TASK BRIEF →
Set the data below down again, exactly, with every picture left out.

DATA EXTRACTS →
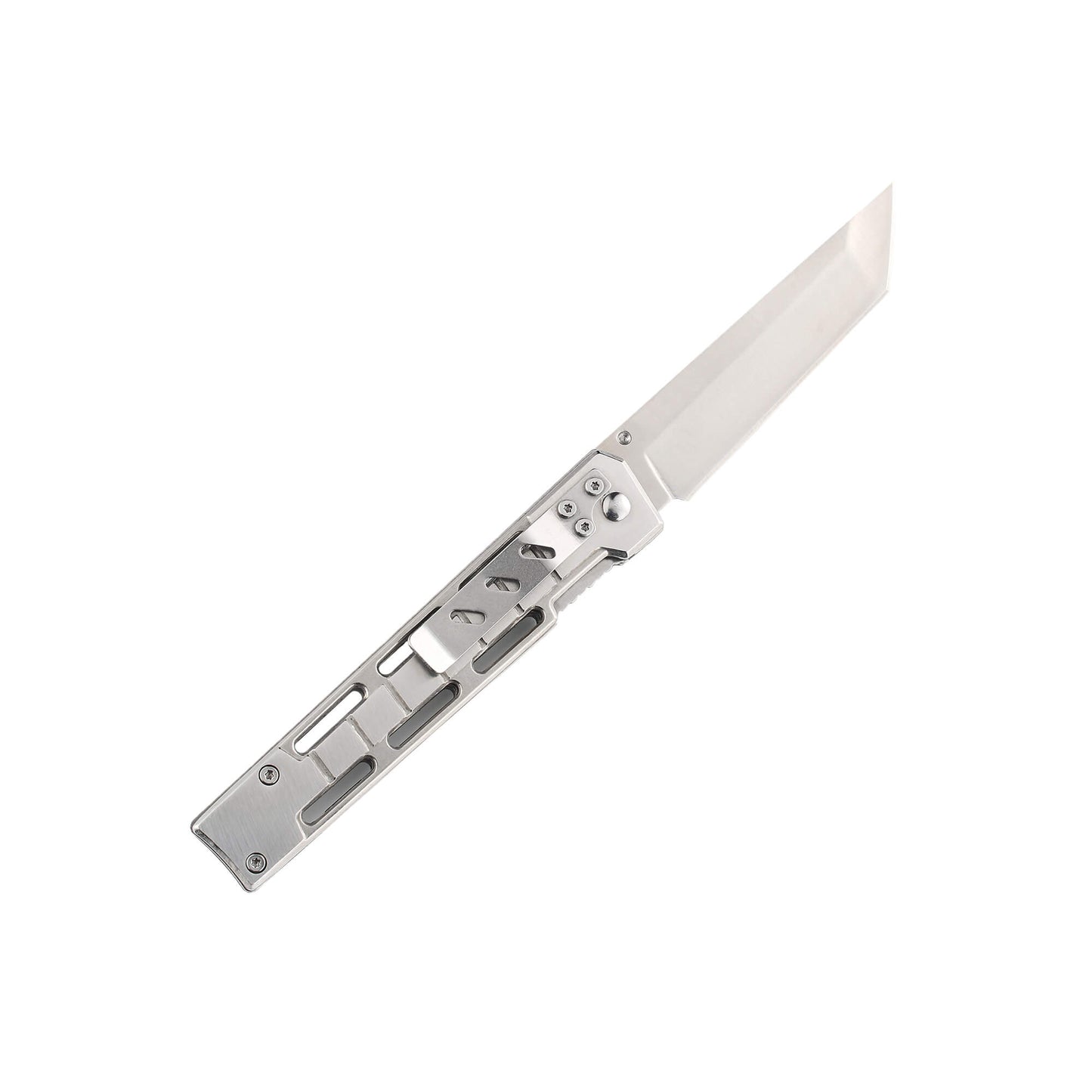Folding knife Sling Reap from Mavik Gear with 440C steel american tanto blade, aluminum alloy handle, and hip clip.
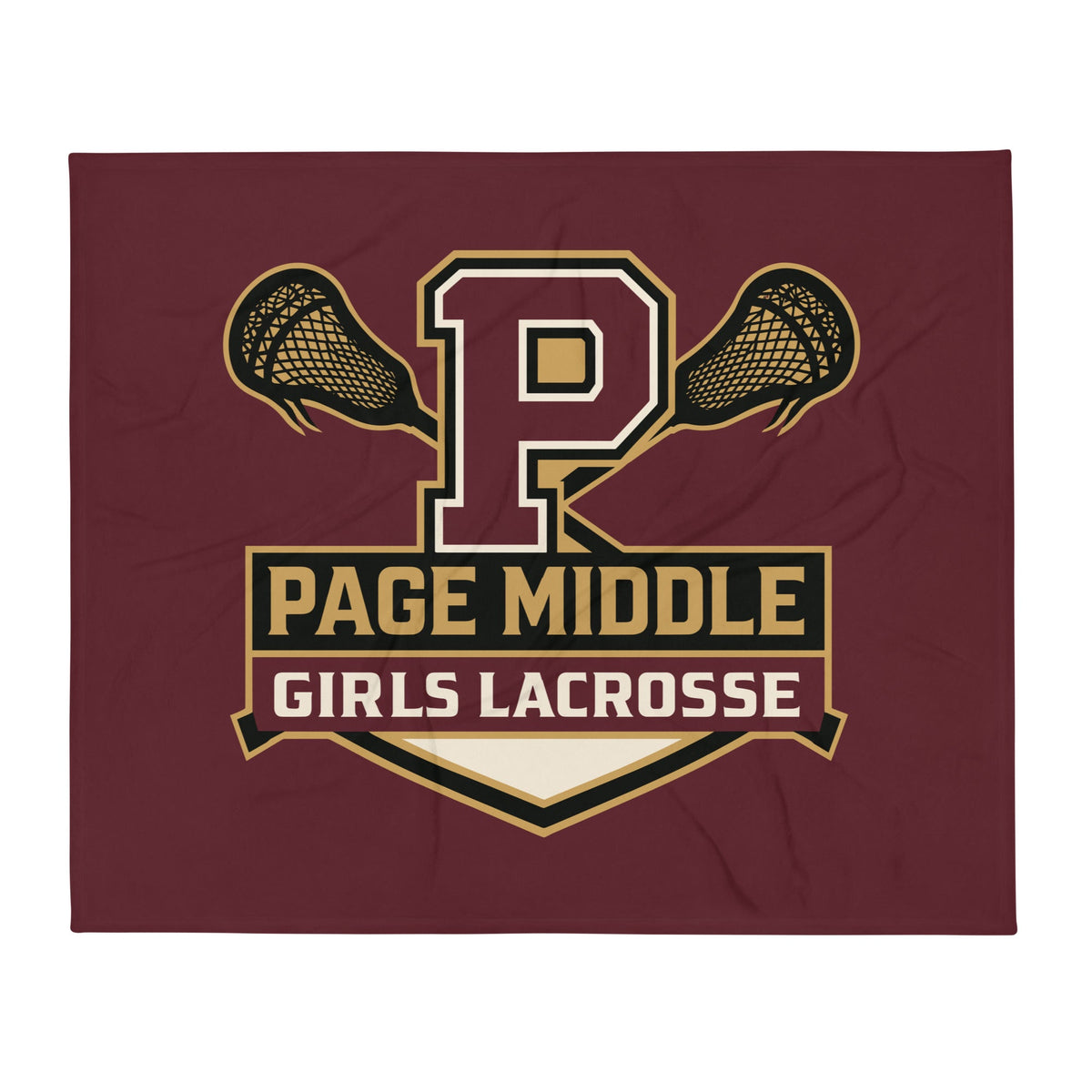 Throw Blanket | Page Middle Girls Lacrosse | Block P Logo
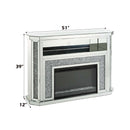 Noralie 51" Fireplace, Mirrored & Faux Diamonds Acme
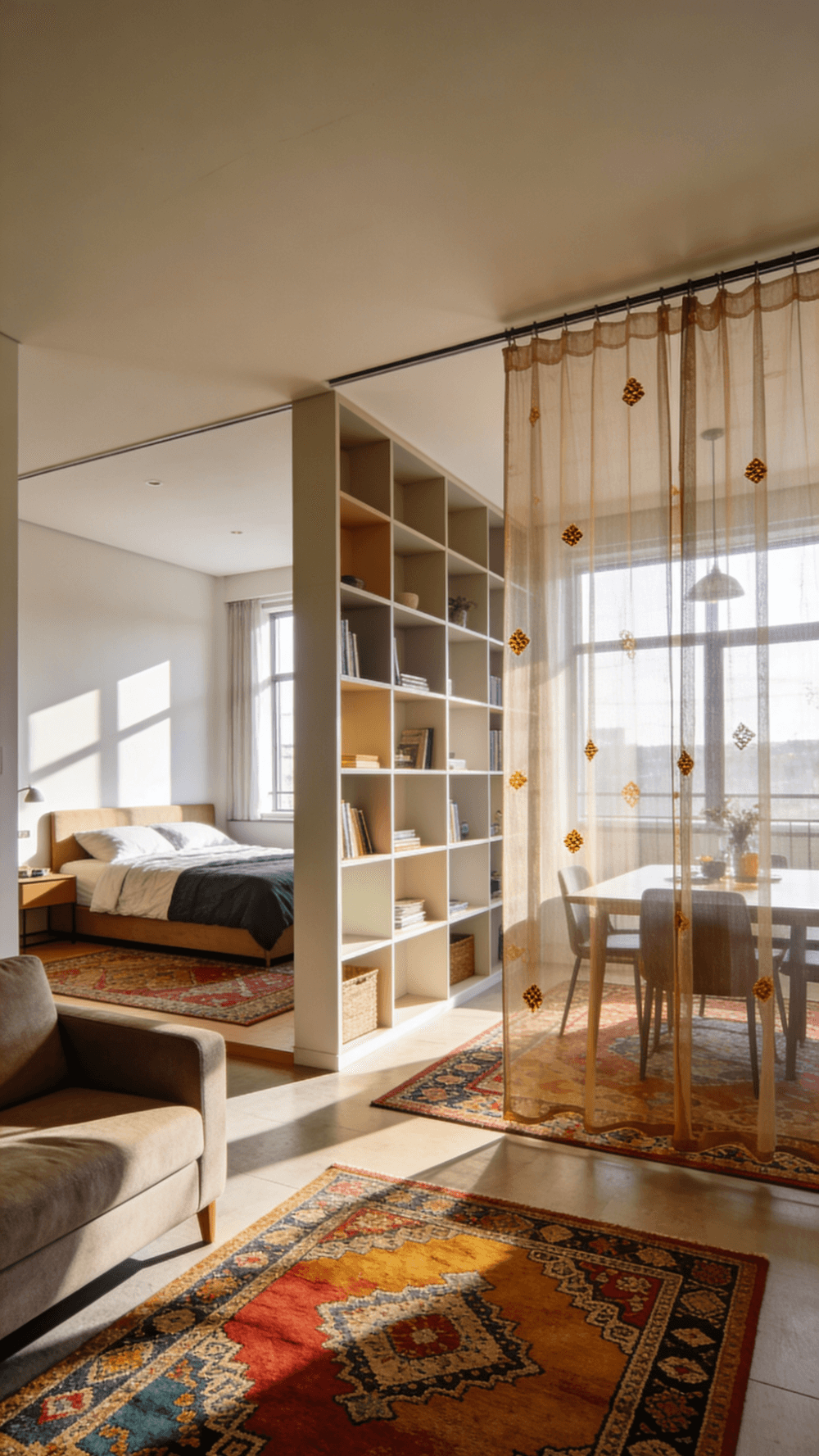 A room with Zones with Rugs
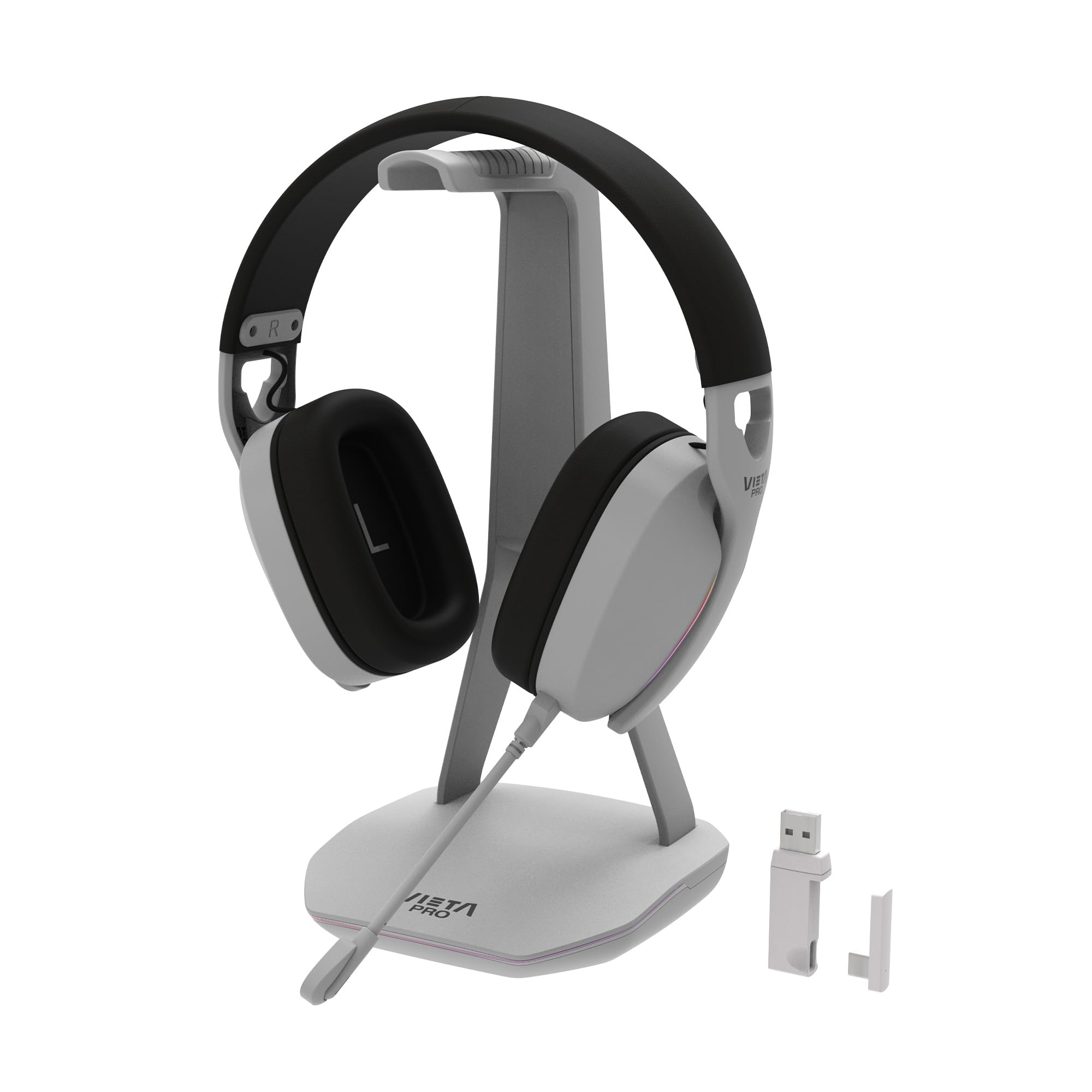 Vieta Pro Auriculares Gaming inalambricos Bluetooth con microfono, Soporte, Luces RGB. Cascos Gaming Diadema compatibles ps5, pc, Xbox. 40h autonomÃa, USB Tipo C, Sonido Envolvente Nova. (Gris)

COMPLETED EXERCISE →
Folding knife Sling Reap from Mavik Gear with 440C steel american tanto blade, aluminum alloy handle, and hip clip.
 Throw Blanket | Page Middle Girls Lacrosse | Block P Logo
 Noralie 51" Fireplace, Mirrored & Faux Diamonds Acme
 A room with Zones with Rugs
 Vieta Pro Auriculares Gaming inalambricos Bluetooth con microfono, Soporte, Luces RGB. Cascos Gaming Diadema compatibles ps5, pc, Xbox. 40h autonomÃa, USB Tipo C, Sonido Envolvente Nova. (Gris)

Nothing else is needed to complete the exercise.